Observe a farmer’s field in early spring a day or two after heavy rains. Plants that are growing where water has pooled due to poor drainage often look yellow or pale and are clearly not growing as well as the others-they are getting choked of oxygen, they have plenty of water, right?
Typically 16 PPM (parts per million) of DO (dissolved oxygen) at the roots is considered very good. Most healthy growing situations are probably half of that. Double these amounts are possible with specialized technologies that actually dissolve O2 in solutions, rather than just bubble it through (diffusion).
Here are some quick and easy ways to get more O2 to your plants’ roots for better performance and yields:
-In hydroponic systems, add a small fountain or aquarium circulation pump to your reservoir, and re-circulate the solution 24/7, allowing it to fall through the air back into the tank.
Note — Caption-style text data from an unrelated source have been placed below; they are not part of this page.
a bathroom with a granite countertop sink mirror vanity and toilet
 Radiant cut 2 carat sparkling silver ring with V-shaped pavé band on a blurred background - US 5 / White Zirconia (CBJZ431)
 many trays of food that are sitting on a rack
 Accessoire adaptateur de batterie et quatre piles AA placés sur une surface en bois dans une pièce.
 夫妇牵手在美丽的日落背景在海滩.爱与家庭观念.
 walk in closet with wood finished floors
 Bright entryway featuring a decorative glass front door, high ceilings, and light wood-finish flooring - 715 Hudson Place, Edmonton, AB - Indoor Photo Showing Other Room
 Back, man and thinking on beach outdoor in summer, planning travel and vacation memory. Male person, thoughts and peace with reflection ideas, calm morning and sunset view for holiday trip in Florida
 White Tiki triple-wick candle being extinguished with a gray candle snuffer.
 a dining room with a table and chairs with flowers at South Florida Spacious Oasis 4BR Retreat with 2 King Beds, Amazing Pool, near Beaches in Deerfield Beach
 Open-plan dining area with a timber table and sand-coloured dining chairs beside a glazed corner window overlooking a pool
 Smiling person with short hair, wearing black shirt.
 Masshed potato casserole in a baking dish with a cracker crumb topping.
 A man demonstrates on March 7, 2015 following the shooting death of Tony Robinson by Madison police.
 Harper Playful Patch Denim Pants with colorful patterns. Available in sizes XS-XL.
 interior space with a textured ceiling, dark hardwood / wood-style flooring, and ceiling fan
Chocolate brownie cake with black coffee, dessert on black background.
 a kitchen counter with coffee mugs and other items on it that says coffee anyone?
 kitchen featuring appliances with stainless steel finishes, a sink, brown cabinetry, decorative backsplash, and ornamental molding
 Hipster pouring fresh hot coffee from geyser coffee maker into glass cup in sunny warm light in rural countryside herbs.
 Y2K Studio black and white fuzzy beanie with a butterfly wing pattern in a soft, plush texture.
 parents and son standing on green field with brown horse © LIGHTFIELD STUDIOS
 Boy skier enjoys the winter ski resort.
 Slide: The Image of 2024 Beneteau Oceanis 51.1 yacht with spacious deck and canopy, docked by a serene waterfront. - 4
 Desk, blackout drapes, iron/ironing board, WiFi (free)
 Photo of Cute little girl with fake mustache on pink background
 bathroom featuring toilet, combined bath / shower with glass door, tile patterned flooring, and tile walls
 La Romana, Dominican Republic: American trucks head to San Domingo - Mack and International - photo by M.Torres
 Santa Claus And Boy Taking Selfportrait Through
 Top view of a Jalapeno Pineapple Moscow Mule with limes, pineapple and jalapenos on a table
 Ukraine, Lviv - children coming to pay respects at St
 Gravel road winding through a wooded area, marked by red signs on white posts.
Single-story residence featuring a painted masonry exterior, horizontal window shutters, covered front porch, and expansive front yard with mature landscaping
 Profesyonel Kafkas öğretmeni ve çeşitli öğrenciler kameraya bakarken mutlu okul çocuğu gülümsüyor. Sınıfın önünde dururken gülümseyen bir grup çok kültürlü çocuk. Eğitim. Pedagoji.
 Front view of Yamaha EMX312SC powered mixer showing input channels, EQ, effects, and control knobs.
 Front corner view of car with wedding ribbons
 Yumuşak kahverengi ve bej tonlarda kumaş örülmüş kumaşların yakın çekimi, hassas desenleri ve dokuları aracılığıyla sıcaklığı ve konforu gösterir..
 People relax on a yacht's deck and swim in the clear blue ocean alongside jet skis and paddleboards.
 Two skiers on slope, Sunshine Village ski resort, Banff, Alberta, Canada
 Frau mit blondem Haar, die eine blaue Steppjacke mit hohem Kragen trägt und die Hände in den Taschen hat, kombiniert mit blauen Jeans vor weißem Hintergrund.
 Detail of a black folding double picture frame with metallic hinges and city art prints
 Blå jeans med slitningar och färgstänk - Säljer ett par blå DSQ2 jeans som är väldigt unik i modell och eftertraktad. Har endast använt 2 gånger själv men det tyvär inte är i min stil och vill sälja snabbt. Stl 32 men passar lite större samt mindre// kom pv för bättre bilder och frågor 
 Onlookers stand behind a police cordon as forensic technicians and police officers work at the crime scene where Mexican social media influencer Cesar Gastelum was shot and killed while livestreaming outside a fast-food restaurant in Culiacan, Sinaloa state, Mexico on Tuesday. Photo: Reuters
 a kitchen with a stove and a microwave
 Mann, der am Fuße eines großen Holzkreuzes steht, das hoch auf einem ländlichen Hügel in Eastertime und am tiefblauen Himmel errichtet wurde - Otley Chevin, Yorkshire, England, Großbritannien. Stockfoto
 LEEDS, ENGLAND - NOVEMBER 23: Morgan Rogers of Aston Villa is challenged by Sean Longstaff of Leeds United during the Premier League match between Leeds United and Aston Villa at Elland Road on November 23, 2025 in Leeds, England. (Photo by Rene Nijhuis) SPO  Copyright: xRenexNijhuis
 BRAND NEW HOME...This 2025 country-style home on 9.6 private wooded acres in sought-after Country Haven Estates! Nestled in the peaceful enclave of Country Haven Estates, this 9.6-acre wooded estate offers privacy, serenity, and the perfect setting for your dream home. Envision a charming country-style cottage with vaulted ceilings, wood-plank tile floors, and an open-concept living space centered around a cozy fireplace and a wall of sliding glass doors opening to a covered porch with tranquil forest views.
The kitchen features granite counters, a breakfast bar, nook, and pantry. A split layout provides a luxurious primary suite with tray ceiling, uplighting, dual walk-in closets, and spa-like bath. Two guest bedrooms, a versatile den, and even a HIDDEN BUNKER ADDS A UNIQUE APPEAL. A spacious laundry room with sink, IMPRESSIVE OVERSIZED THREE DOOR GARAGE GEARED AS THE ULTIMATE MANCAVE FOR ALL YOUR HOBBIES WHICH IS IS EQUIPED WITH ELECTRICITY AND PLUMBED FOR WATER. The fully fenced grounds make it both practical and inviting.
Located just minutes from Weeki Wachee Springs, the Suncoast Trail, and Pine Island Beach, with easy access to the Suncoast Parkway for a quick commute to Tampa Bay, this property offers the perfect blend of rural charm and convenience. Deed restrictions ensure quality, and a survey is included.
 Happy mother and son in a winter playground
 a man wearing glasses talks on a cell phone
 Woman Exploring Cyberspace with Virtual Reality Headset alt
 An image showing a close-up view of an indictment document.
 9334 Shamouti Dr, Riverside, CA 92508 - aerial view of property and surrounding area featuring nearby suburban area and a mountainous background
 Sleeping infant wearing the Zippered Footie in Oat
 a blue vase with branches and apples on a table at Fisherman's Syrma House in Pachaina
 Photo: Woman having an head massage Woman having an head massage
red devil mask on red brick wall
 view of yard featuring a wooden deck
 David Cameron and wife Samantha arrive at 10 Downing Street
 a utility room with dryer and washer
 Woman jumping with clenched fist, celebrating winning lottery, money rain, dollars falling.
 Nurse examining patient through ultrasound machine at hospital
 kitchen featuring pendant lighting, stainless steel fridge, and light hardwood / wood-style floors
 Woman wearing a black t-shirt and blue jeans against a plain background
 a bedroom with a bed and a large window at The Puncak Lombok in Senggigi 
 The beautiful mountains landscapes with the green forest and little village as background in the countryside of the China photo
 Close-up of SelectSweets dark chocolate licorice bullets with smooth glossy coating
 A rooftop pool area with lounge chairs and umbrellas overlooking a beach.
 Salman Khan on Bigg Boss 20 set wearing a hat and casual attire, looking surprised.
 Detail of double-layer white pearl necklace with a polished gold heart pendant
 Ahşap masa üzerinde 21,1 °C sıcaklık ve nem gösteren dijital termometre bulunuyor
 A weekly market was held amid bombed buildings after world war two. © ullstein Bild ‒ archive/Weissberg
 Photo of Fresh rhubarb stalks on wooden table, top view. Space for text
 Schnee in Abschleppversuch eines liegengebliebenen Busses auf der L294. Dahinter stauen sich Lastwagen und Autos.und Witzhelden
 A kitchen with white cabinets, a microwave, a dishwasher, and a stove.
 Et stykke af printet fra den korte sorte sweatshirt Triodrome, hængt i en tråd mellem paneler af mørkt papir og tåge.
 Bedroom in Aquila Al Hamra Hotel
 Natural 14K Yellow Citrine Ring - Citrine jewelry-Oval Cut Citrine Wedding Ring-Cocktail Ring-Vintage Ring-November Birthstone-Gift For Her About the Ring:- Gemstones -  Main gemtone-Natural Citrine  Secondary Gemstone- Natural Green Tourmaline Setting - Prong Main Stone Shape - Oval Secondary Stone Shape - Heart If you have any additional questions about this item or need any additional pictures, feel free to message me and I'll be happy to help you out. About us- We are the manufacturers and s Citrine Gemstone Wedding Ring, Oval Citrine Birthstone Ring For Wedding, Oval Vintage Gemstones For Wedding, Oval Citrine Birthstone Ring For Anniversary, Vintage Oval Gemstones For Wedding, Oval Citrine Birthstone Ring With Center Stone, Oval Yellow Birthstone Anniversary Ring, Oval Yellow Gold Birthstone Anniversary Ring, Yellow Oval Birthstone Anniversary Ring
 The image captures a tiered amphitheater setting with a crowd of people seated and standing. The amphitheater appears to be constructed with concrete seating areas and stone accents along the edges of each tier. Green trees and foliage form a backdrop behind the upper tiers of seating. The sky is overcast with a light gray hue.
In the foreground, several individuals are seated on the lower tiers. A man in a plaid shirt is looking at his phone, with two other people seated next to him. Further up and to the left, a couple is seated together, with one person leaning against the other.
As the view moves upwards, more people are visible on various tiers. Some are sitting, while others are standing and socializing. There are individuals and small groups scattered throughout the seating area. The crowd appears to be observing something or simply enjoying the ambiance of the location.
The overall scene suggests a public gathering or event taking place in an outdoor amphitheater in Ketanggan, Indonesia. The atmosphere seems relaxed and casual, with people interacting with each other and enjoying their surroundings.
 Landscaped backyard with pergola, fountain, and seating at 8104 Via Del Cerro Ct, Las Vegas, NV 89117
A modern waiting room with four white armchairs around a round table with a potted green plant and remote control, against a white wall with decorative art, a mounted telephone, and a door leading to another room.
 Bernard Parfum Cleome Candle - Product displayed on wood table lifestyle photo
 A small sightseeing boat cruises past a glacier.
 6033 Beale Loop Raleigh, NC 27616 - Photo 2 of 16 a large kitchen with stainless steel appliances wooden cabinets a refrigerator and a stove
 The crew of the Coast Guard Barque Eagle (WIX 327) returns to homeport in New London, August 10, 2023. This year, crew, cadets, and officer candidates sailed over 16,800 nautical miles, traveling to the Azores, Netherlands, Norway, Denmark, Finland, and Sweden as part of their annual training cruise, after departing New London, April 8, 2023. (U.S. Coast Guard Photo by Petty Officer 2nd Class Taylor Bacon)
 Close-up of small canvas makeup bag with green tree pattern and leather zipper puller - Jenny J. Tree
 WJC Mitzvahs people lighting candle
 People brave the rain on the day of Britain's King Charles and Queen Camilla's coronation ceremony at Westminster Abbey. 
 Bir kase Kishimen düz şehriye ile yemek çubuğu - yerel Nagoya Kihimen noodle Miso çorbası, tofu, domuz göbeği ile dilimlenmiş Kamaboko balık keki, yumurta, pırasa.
When water “falls” it picks up and dissolves O2 into it, and then can deliver it right to your plants roots. Watch the pump doesn’t add too much extra heat to your reservoir
-In re-circulating hydro systems, maintaining the right reservoir temperature is critical, especially if there is no growing medium to buffer temperatures. Sixty five degrees Fahrenheit is considered optimal by most. Insulting your reservoir is a good first step in reducing temperatures. If that isn’t enough frozen water bottles or even a water chiller (coil or unit) may be required. Growers may marvel at the difference running their res five degrees cooler can make on their yield and growth rates.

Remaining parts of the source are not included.